(Supplied records begins)
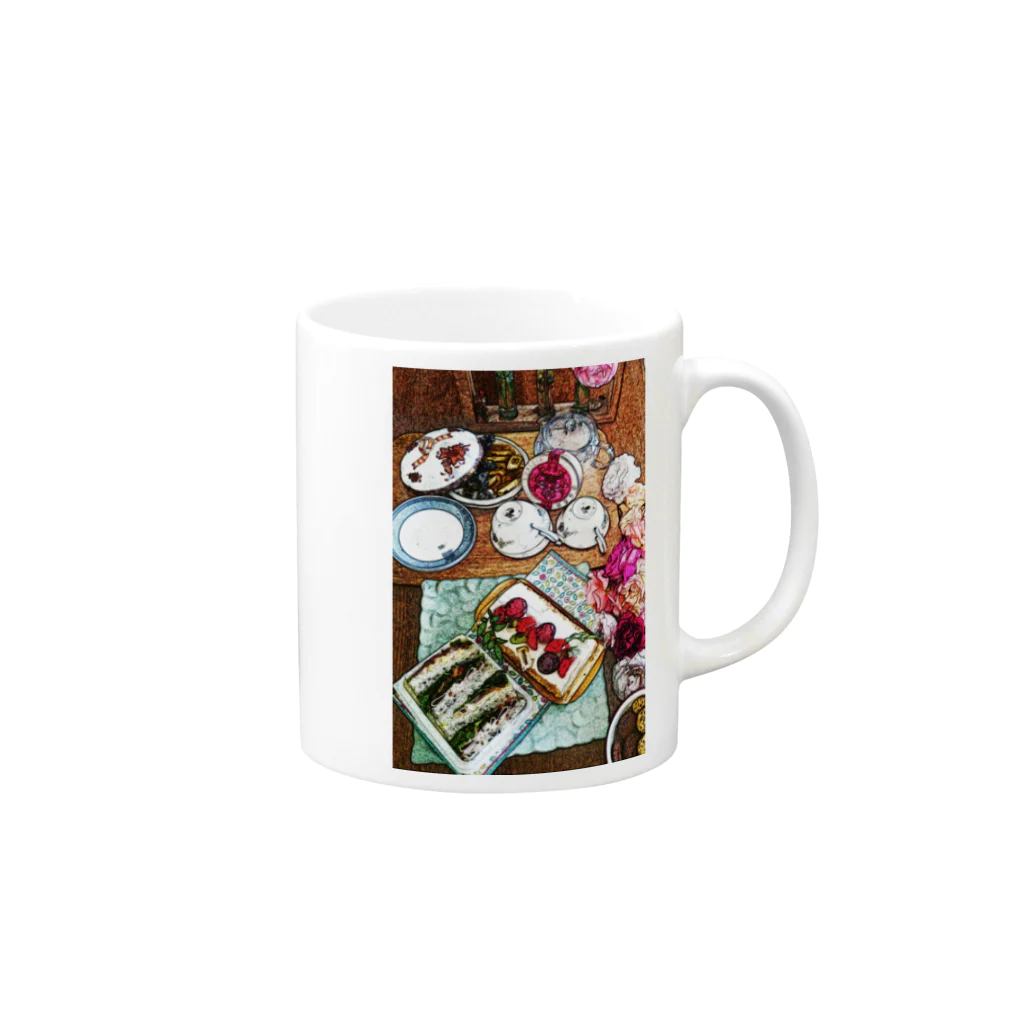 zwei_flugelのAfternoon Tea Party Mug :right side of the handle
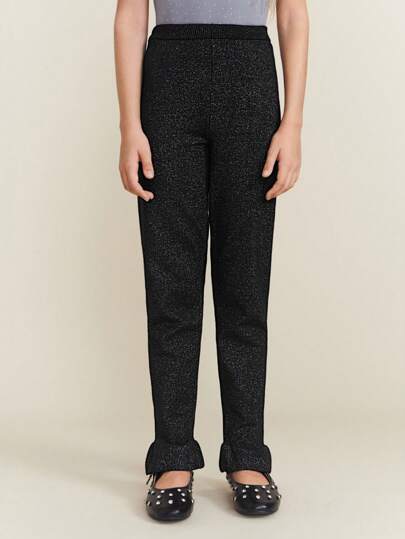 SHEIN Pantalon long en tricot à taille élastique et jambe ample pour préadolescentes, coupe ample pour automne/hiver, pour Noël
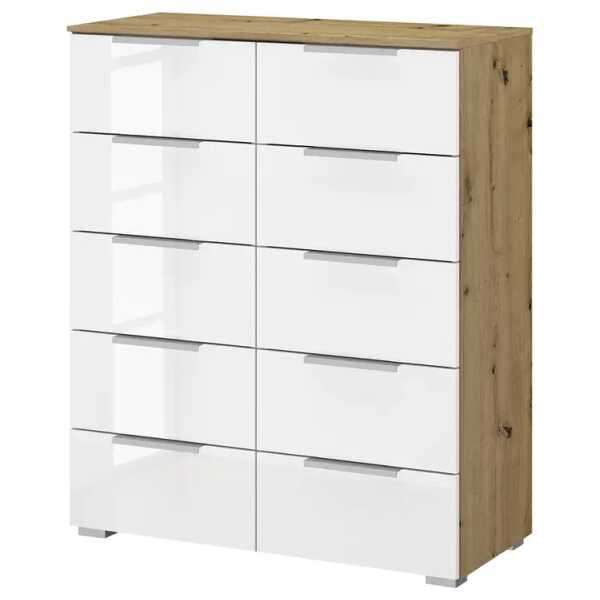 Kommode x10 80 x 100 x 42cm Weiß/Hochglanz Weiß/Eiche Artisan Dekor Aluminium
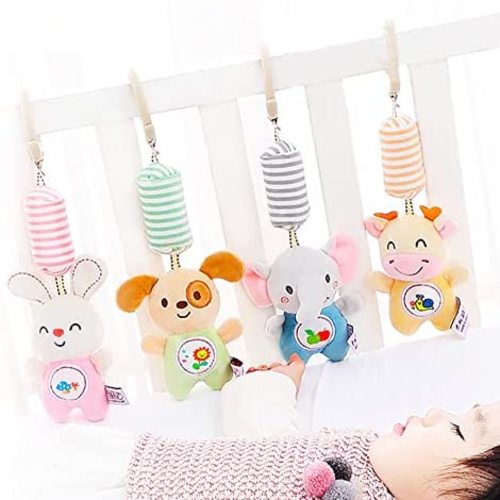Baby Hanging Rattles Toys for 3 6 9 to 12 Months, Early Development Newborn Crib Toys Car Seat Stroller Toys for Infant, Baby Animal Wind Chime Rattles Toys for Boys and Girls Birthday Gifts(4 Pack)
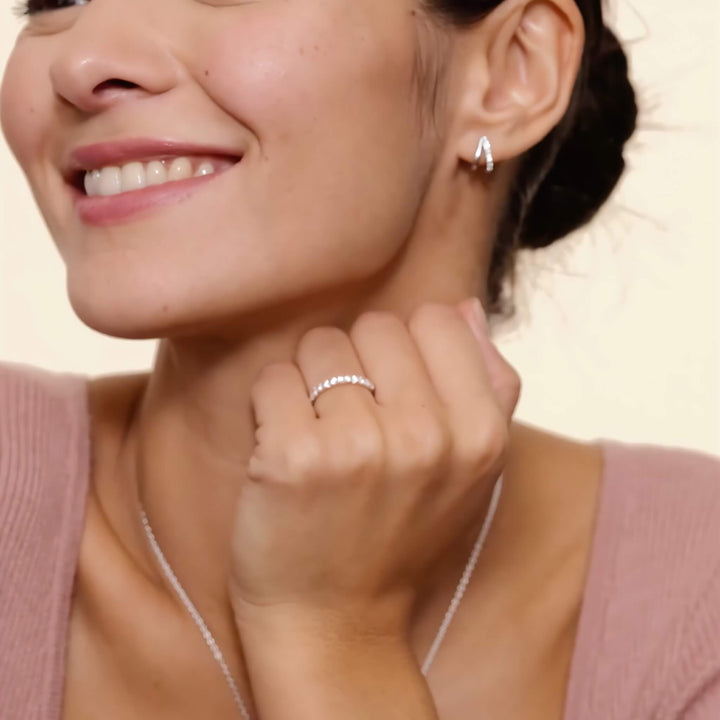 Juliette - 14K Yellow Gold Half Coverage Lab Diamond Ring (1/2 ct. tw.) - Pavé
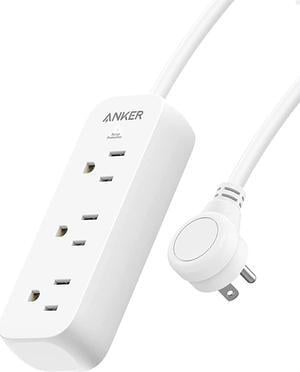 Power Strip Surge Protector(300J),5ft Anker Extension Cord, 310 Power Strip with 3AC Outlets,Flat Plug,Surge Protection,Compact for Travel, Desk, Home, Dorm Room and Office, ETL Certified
(Supplied records ends)
Exercise goal. Leave out the pictures, and retype exactly the lines from the one containing "Kommode x10 80" through the last line of the data above, no more and no less.

Solution for this exercise.
 Kommode x10 80 x 100 x 42cm Weiß/Hochglanz Weiß/Eiche Artisan Dekor Aluminium
Baby Hanging Rattles Toys for 3 6 9 to 12 Months, Early Development Newborn Crib Toys Car Seat Stroller Toys for Infant, Baby Animal Wind Chime Rattles Toys for Boys and Girls Birthday Gifts(4 Pack)
 Juliette - 14K Yellow Gold Half Coverage Lab Diamond Ring (1/2 ct. tw.) - Pavé
 Power Strip Surge Protector(300J),5ft Anker Extension Cord, 310 Power Strip with 3AC Outlets,Flat Plug,Surge Protection,Compact for Travel, Desk, Home, Dorm Room and Office, ETL Certified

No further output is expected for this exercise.